> **Provided entries**:
◇ ◇ ◇ ◇
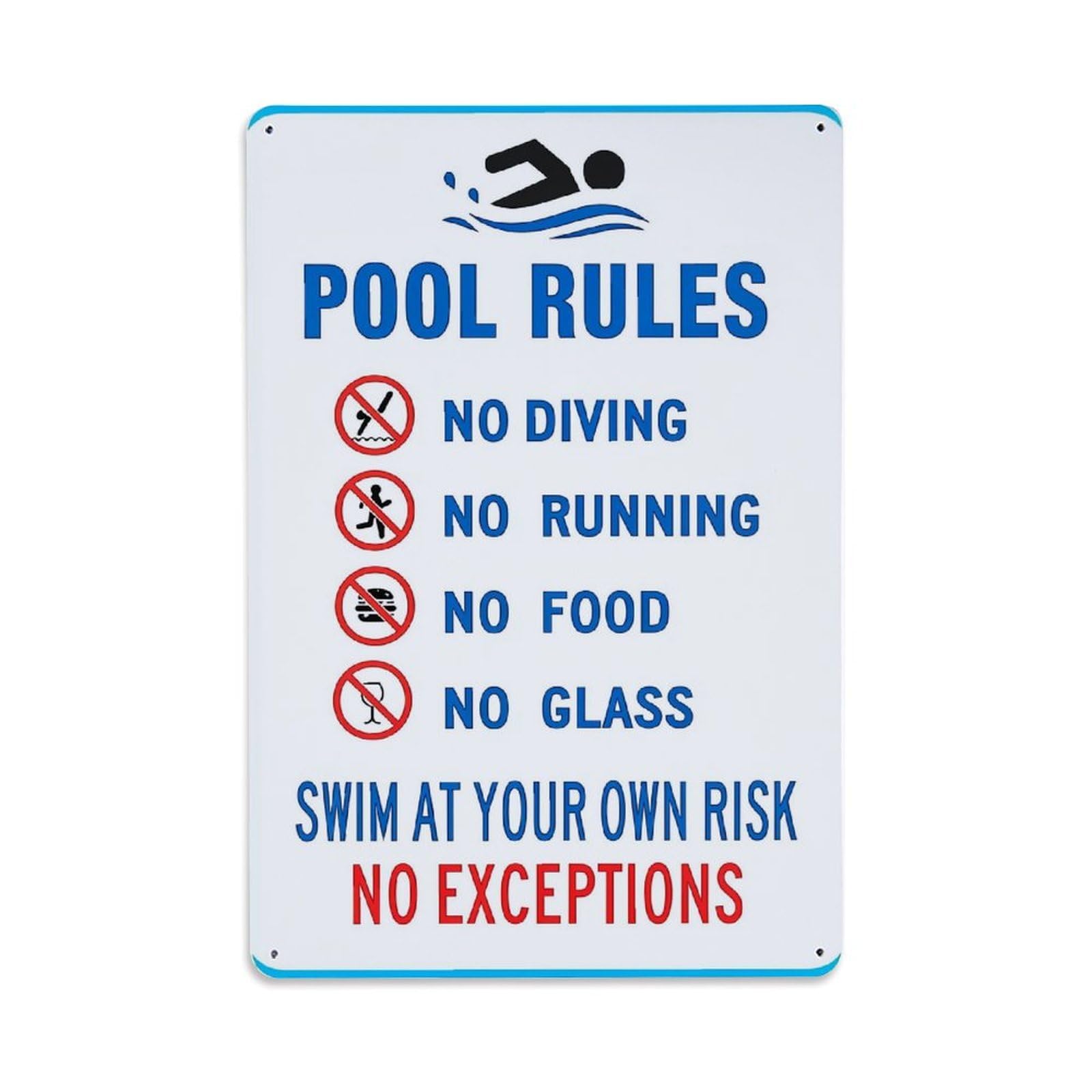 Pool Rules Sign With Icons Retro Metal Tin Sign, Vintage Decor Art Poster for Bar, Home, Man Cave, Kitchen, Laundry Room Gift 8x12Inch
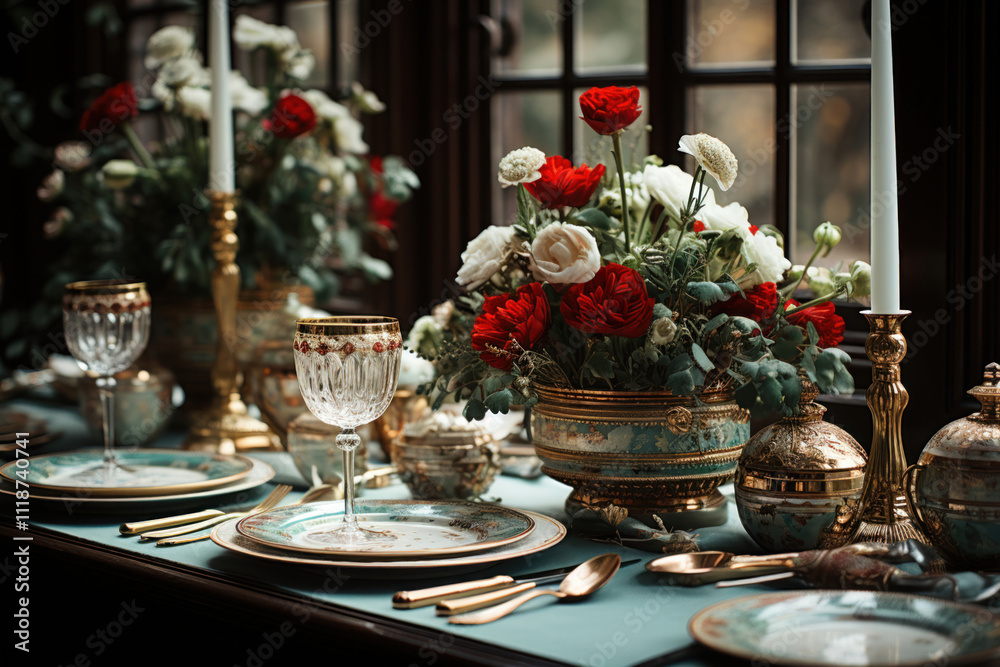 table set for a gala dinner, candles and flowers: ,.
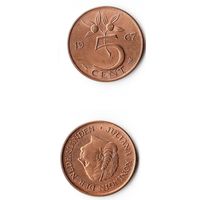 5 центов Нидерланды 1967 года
◇ ◇ ◇ ◇
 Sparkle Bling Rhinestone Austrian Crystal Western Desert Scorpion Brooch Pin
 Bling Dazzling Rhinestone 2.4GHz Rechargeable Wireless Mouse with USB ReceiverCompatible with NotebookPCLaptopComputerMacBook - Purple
◇ ◇ ◇ ◇
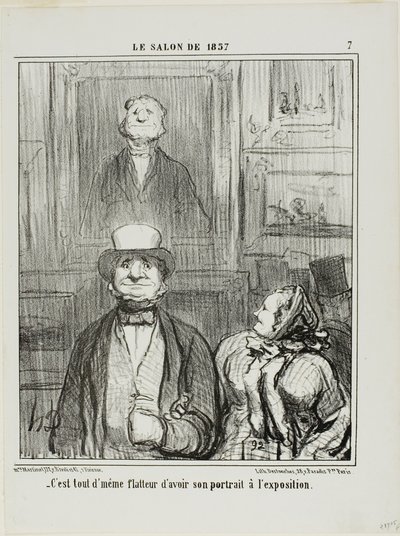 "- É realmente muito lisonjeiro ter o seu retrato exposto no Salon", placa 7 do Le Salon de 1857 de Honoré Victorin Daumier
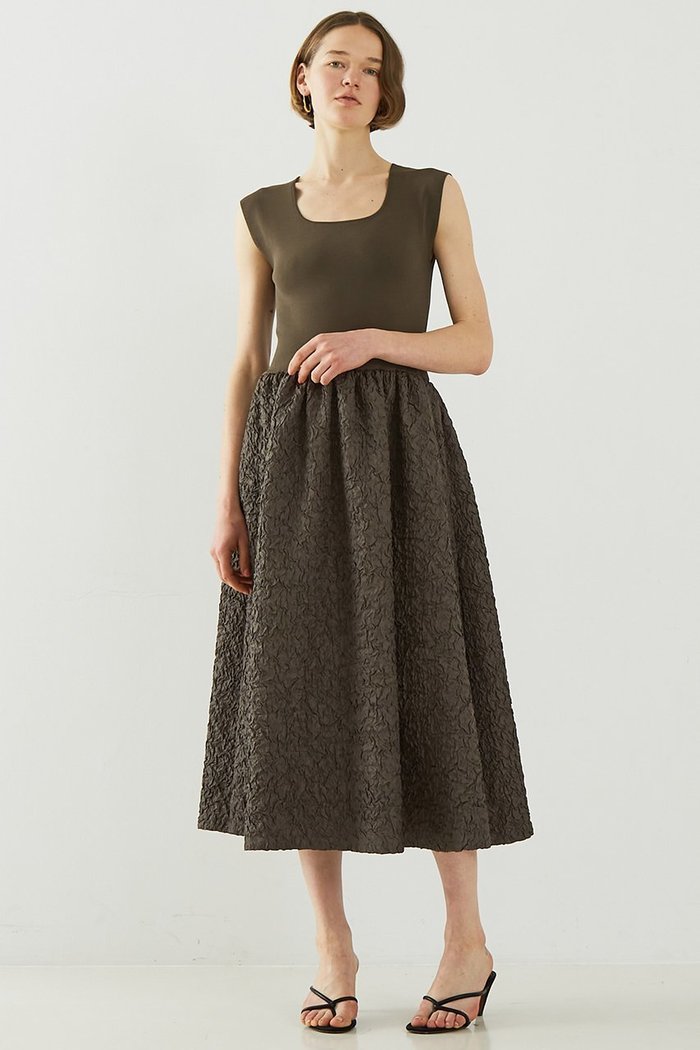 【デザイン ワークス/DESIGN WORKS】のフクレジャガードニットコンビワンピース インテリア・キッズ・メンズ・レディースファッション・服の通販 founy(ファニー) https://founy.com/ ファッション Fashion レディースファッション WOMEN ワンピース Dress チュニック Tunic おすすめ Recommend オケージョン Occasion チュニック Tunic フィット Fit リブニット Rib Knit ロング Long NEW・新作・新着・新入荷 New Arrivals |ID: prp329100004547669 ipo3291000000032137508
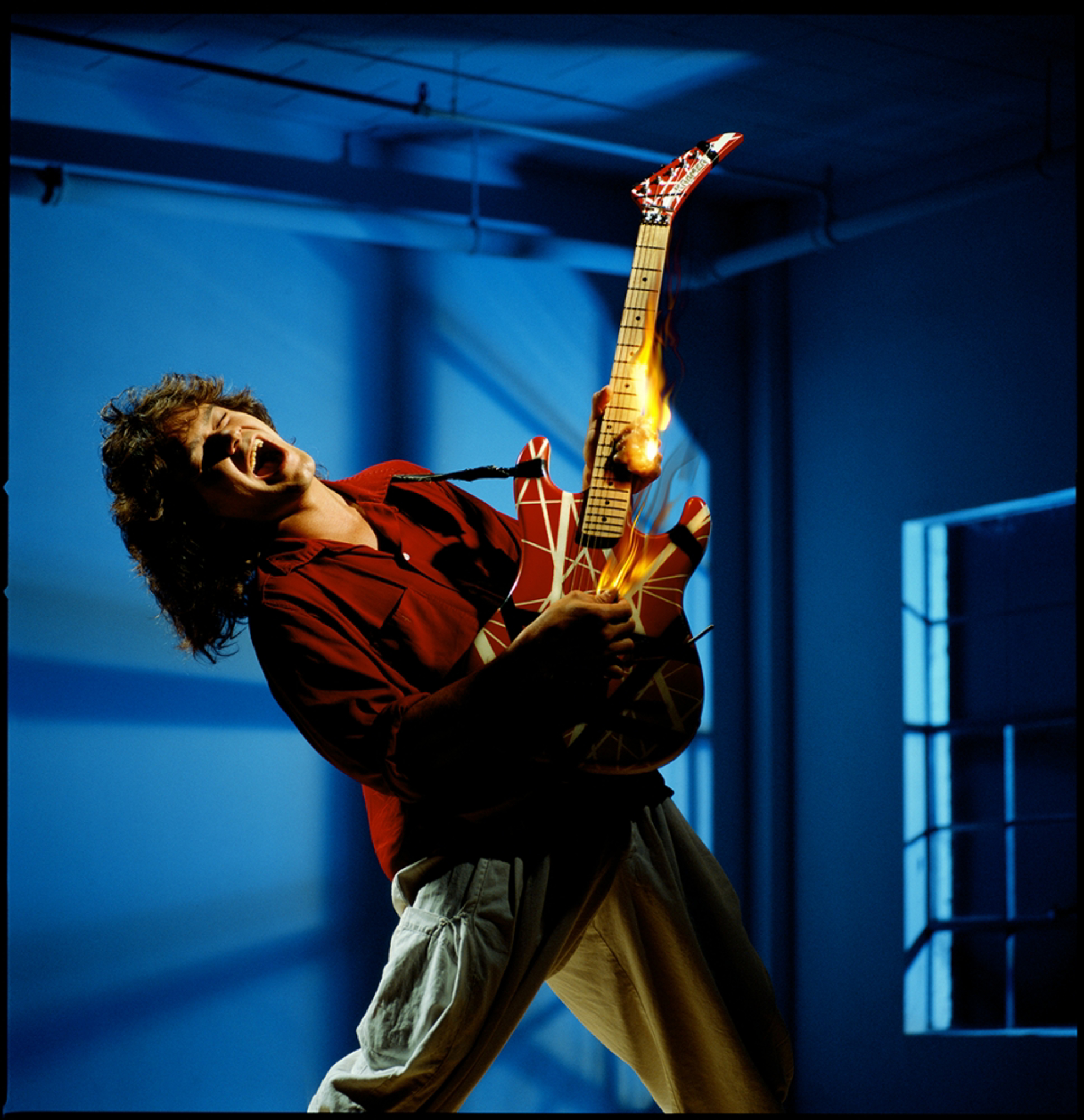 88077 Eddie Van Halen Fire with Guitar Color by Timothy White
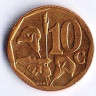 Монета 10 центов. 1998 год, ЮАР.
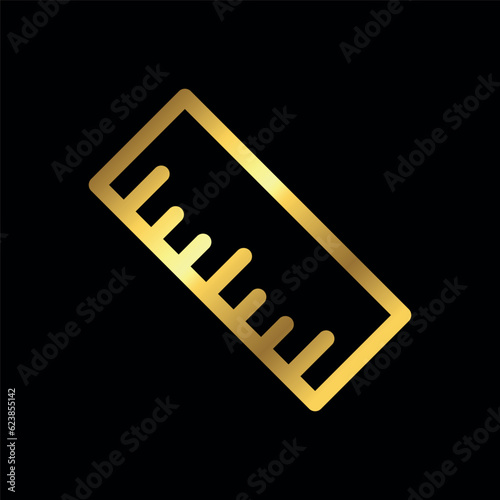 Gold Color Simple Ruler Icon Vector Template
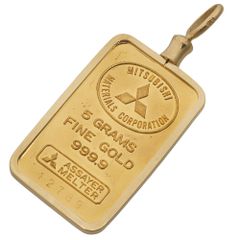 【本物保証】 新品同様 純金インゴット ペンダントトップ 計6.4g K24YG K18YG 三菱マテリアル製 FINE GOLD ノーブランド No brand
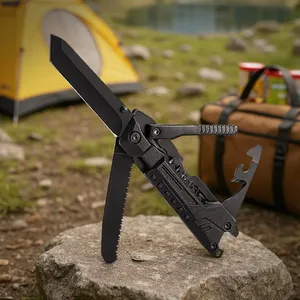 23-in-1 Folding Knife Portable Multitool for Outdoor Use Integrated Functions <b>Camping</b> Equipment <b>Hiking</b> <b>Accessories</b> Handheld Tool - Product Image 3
◇ ◇ ◇ ◇
> **Directions**:
Among the entries above, find the line with "Pool Rules Sign" and repeat exactly from there through the line with "5 центов Нидерланды 1967 года", leaving out the pictures.

> **The completed task**:
 Pool Rules Sign With Icons Retro Metal Tin Sign, Vintage Decor Art Poster for Bar, Home, Man Cave, Kitchen, Laundry Room Gift 8x12Inch
 table set for a gala dinner, candles and flowers: ,.
 5 центов Нидерланды 1967 года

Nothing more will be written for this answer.